Альтия слишком вымоталась, чтобы на ходу разбираться в таких сложностях.
— Ступай в дом, Давад, — сказала она. — Прими ванну и ложись спать. Утро вечера мудренее…
Никогда она не думала, что однажды придется говорить с ним, как с малым ребенком, а вот довелось. Он выглядел таким одиноким. Таким беззащитным…
— Спасибо тебе, — проговорил он тихо. — Ты прямо вылитый отец, Альтия… Мы с ним не всегда и не во всем соглашались, но я неизменно им восхищался. Он никогда не тратил время на пустую болтовню о том, кто виноват и как теперь быть. Он, как ты, просто делал шаг вперед и начинал помогать. — Давад помолчал. — Надо бы послать с тобой мужчину, чтобы домой проводил. Сейчас распоряжусь, чтобы тебе привели лошадь и дали спутника.
Альтия сразу усомнилась, что у него это получится.
Тут приоткрылась дверь, упала узкая полоска света и появилась женщина. Она выглядывала наружу… и молчала, ничего не предпринимая. Альтия вспылила окончательно:
— А ну быстро пришли сюда слугу, чтобы хозяина домой проводил! Шевелись, засоня! Да приготовь горячую ванну и чистое белье переодеться! А потом — чаю хозяину и поесть что-нибудь! Только попроще что-нибудь, не острое и не жирное. А ну бегом!!!
Женщину точно ветром унесло назад в дом. Дверь так и осталась приоткрытой, и Альтия услышала, как женщина пронзительным голосом отдает распоряжения.
— А теперь, — сказал Давад, — ты распоряжаешься в точности как твоя мать… Ты так много сделала для меня. И не только сегодня… Все эти годы… Ты и твоя семья… Как могу я хоть немножко отблагодарить вас? Тебя?
Он выбрал самое неподходящее время, чтобы задать этот вопрос. Мальчишка-конюх как раз подошел к ним, и фонарный свет озарил рабскую татуировку на его щеке, возле носа. Он был одет в короткую изорванную рубашонку. Суровый взгляд Альтии заставил его испуганно съежиться.
Она произнесла ровным голосом:
— Скажи ему, что он больше не раб.
— Что он… что? — И Давад затряс головой, словно не был уверен, правильно ли расслышал.
Альтия прокашлялась. Все ее сочувствие к Даваду начало стремительно испаряться.
— Скажи. Этому. Мальчишке. Что. Он. Больше. Не раб, — раздельно проговорила она. — Верни ему свободу, тем мне и отплатишь.
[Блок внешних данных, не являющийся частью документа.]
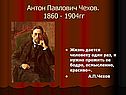 Жизнь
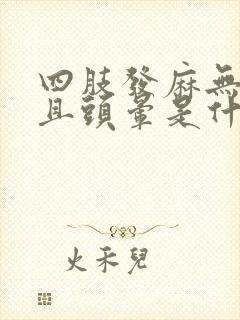 四肢发麻无力并且头晕是什么原因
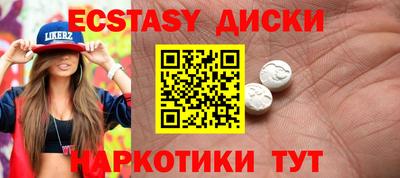 прущий лед Свободный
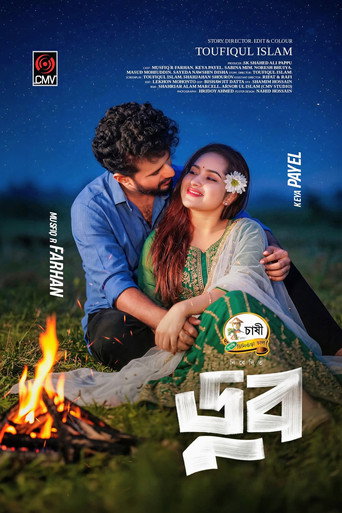 Doob movie poster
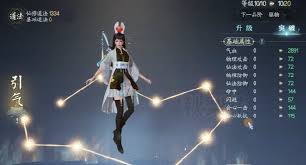 诛仙2平民玩家开荒攻略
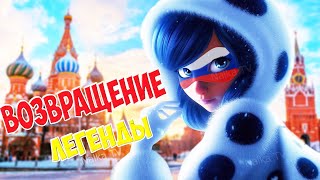 🔴Они Вернулись! Леди Баг И Супер Кот В России / Miraculous Ladybug And Cat Noir 6 Season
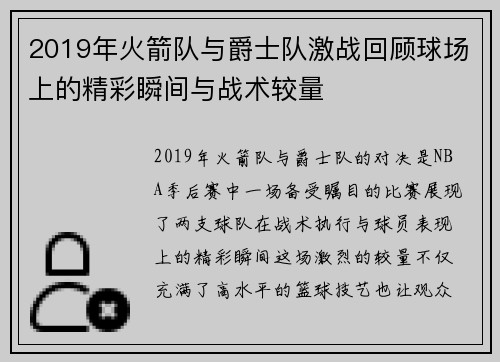 2019年火箭队与爵士队激战回顾球场上的精彩瞬间与战术较量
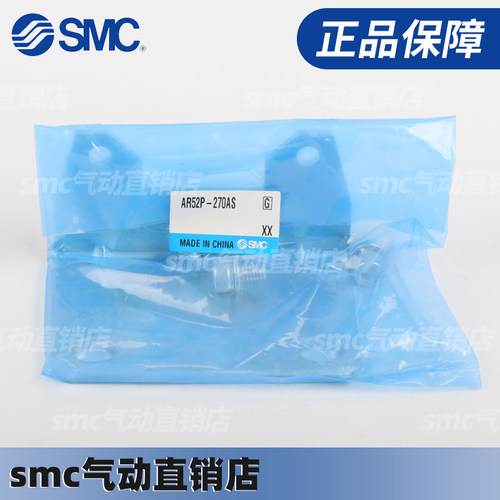 SMC支架AR23P-270AS-AR28P-AR33P-AR43P-AR52P-270AS AR43P-260S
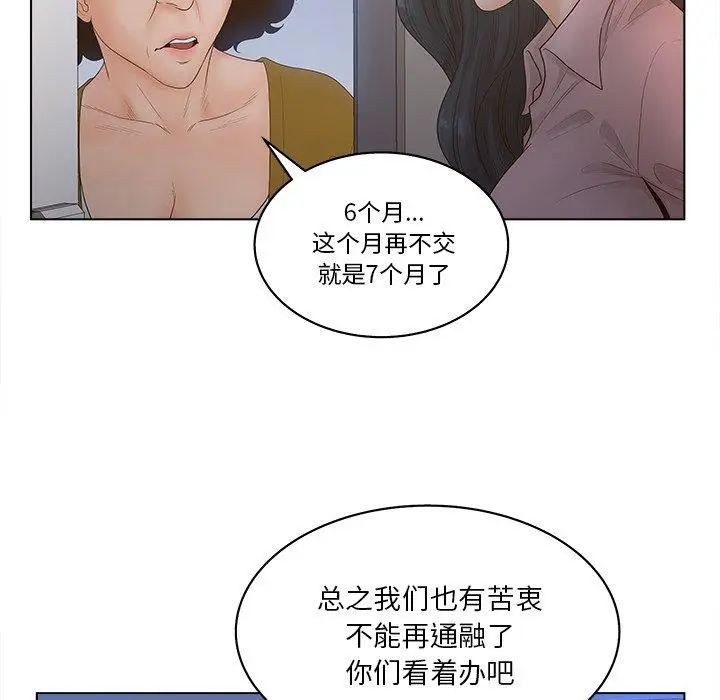 漫画《认养女》第4话第33张图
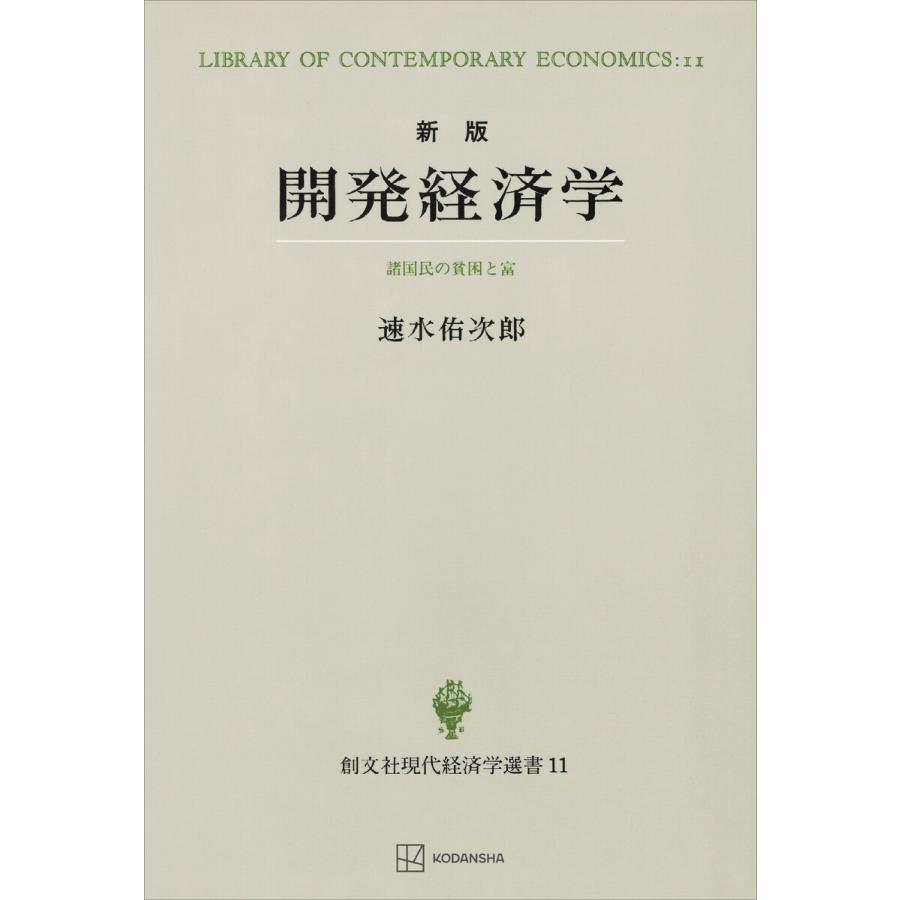 開発経済学(新版)(現代経済学選書) 諸国民の貧困と富 電子書籍版   速水佑次郎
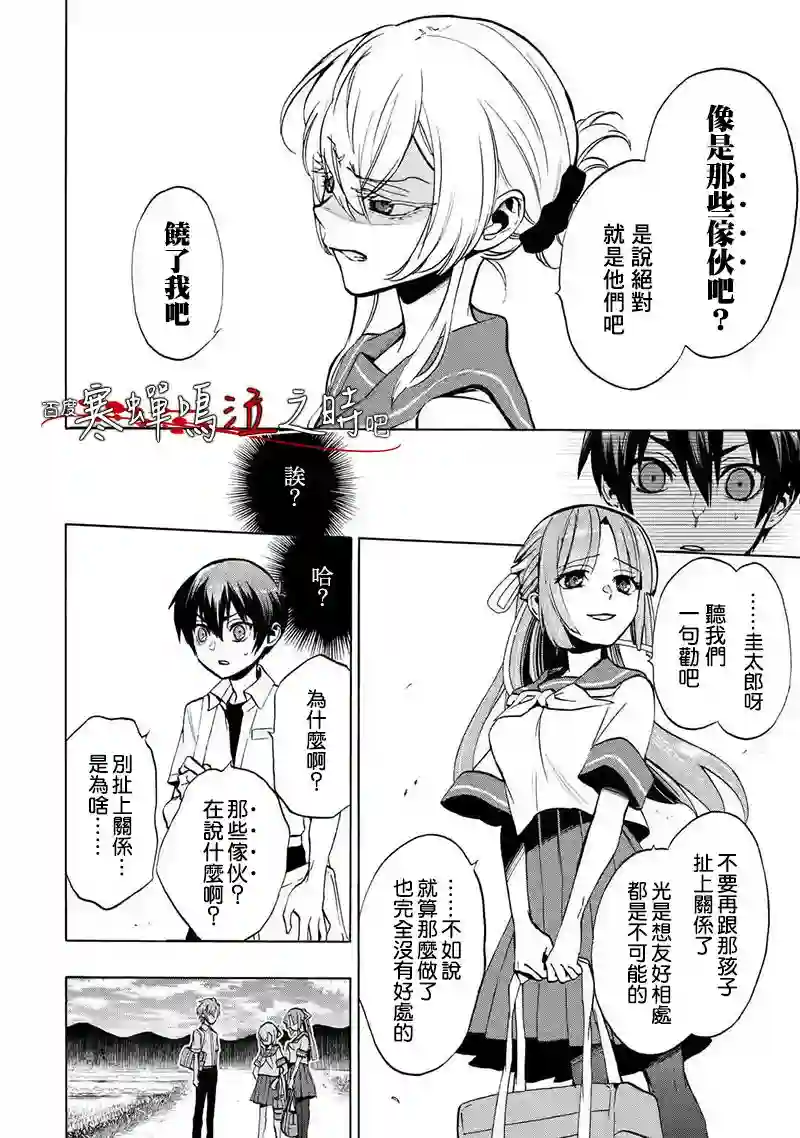 寒蝉鸣泣之时令 鬼炽篇第02话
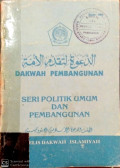 Dakwah pembangunan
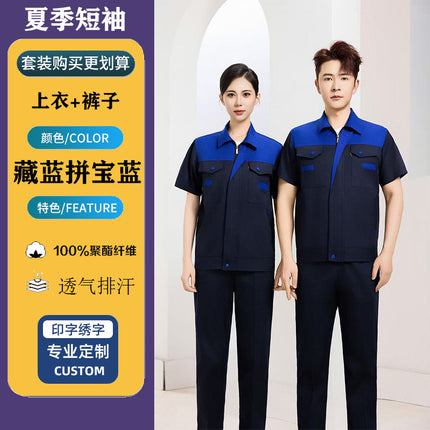Summer Thin Short-Sleeved Workwear Suit Men's Thin Wear-Resistant Workshop Workwear Tops Custom Labor Protection Clothing Stain-Resistant Work Clothes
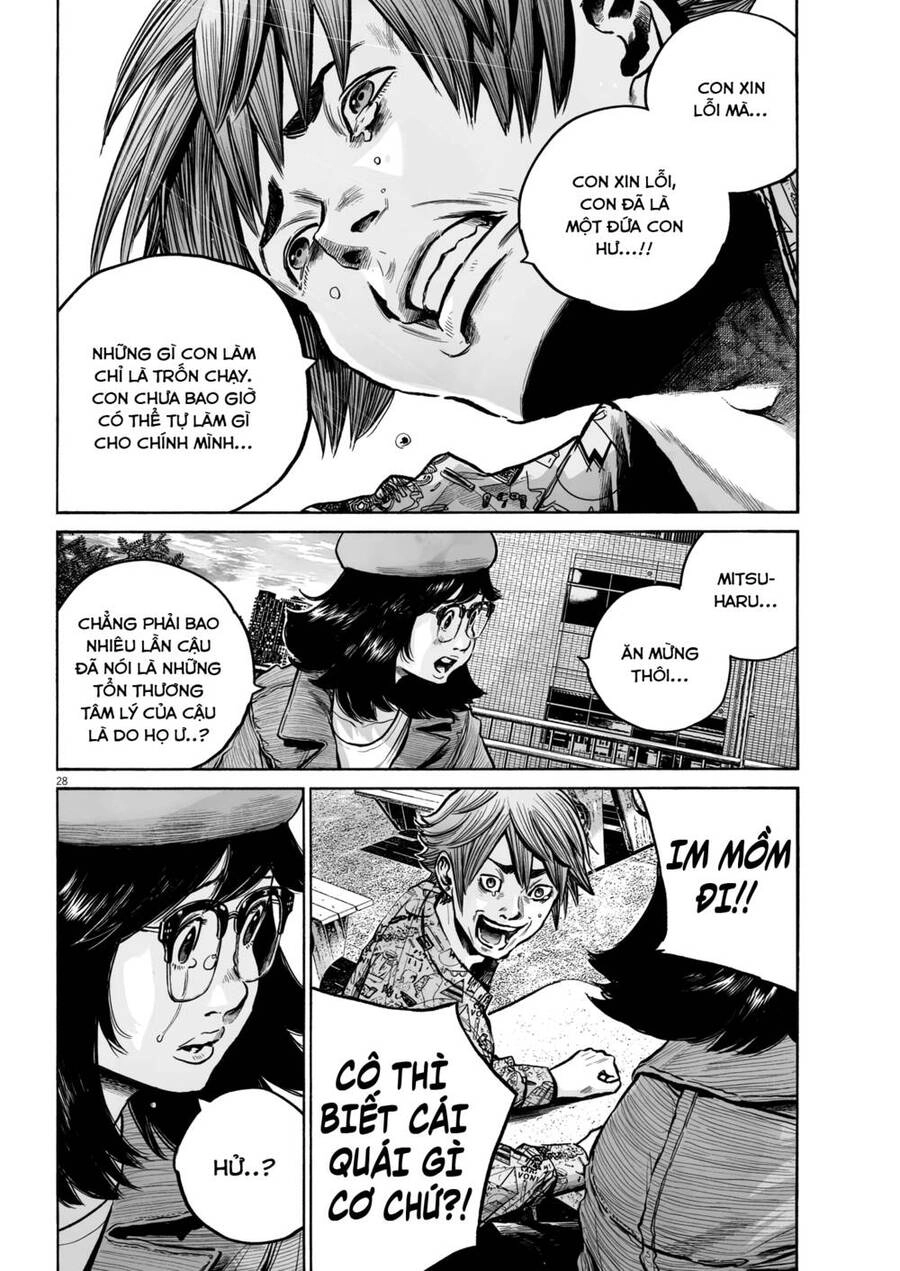 Mujina In To The Deep Chapter 7 - 29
— Но я… Нет, ты что, серьезно? Ты знаешь хоть, сколько стоит здоровый мальчишка вроде него? В Калсиде, между прочим, очень гоняются за светловолосыми и голубоглазыми мальчиками, чтобы воспитывать из них слуг для домашних покоев. Я собираюсь подержать его у себя годик и дать необходимое обучение. Представляешь, какая ему тогда будет цена?
— О да. — Альтия смотрела ему прямо в глаза. — Цена ему немалая. Гораздо больше, чем ты за него заплатил. И даже намного больше той, которую намерен получить. — И нанесла жестокий удар: — Сколько стоил твой сын, Давад? Я слышала, он тоже был светловолосым…
Он побелел и шатнулся от нее прочь. Даже схватился для равновесия за дверцу кареты, но попал как раз в лужу крови и поспешно отдернул ладонь.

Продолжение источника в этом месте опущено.